“Cos’è questa cazzata dei contributi, andate a lavorare”
Ken Loach mette subito le cose in chiaro, già nei primi minuti del suo nono film Riff Raff del 1991. Siamo negli anni delle più drammatiche depressioni economiche inglesi. In giro ci sono oltre 3 milioni e mezzo di disoccupati e per strada girano più topi che anime. Stevie (Robert Carlyle) è un giovane ex galeotto di Edimburgo che trova lavoro in uno dei tanti cantieri proliferati nella Londra provata dalle politiche reazionarie e classiste di Margareth Thatcher.
“Tutti dovrebbero avere una casa nel 1990” dice uno dei suoi colleghi.
E ancora: “Mi spiegate perché qualcuno ci deve guadagnare ogni volta che si bolle il latte, o tutte le volte che un ragazzino beve un bicchier d’acqua o un pensionato si scalda col la stufa a gas, prima gli speculatori facevano i soldi sulla terra e sulle case, invece adesso li fanno con il gas.”.
Intanto Stevie riesce a sistemarsi in uno squallido alloggio abusivo grazie ai nuovi amici. Il giovane, motivato dalla voglia di dare una svolta alla sua misera esistenza, incontra casualmente la bella Susan, aspirante cantante di scarse qualità. Tra i due nasce una tenera relazione sentimentale. Intanto il suo collega Larry viene licenziato per aver cercato di far rispettare le norme di sicurezza mancanti nel cantiere.
Sceneggiato da Bill Jesse, il film ha vinto il Premio critica Internazionale al Festival di Cannes e la consacrazione del regista.
Il titolo al modo di dire francese “le rif et le raf” che indica tutto il popolo, ma anche feccia o marmaglia.
Insieme ai successivi “Piovono Pietre” e “Ladybird Ladybird”, la pellicola rappresenta un’ideale trilogia loachiana, ma anche l’inizio di una nuova stagione cinematografica inglese.

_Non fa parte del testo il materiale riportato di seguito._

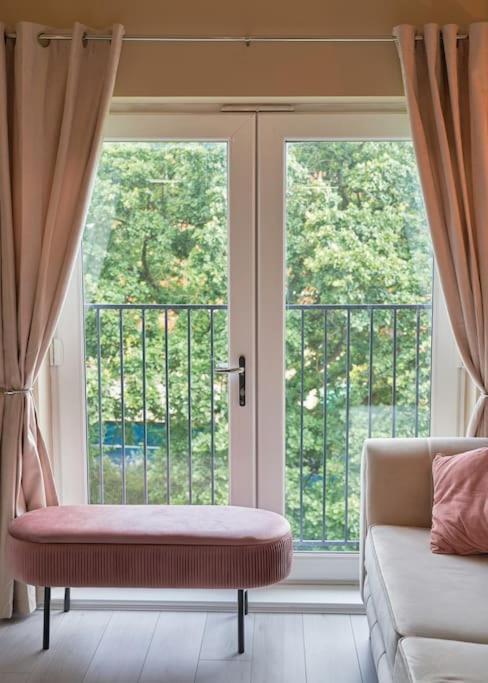 Stunning Luxury 2 Bed Apartment With En-Suite In Wokingham City Centre Zewnętrze zdjęcie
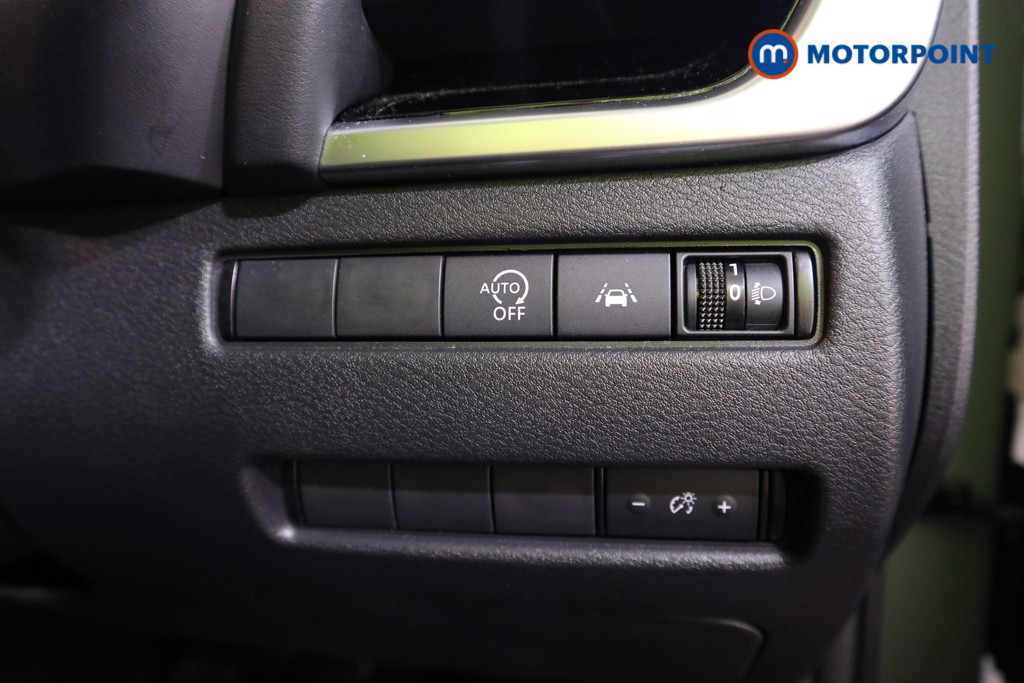 Nissan Qashqai N-Connecta Manual Petrol SUV - Stock Number (1515088) - 10th supplementary image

Una New Wave che continuerà con alcuni successi planetari diretti da suoi colleghi ed estimatori come “Grazie, signora Thatcher” di Mark Herman e “The Full Monty” di Peter Cattaneo.
Il neorealismo operaio loachiano non è ancora al meglio, ma Riff Raff resta ancora oggi un film solido e fermo nella condanna della direzione disumana della società contemporanea. Motivato dai suoi saldi ideali marxisti-trotzkisti, Loach mette in evidenza la normalità e la rassegnazione di un’intera generazione, annientata nella sua individualità dal sistema capitalistico e dalle politiche conservatrici di quegli anni.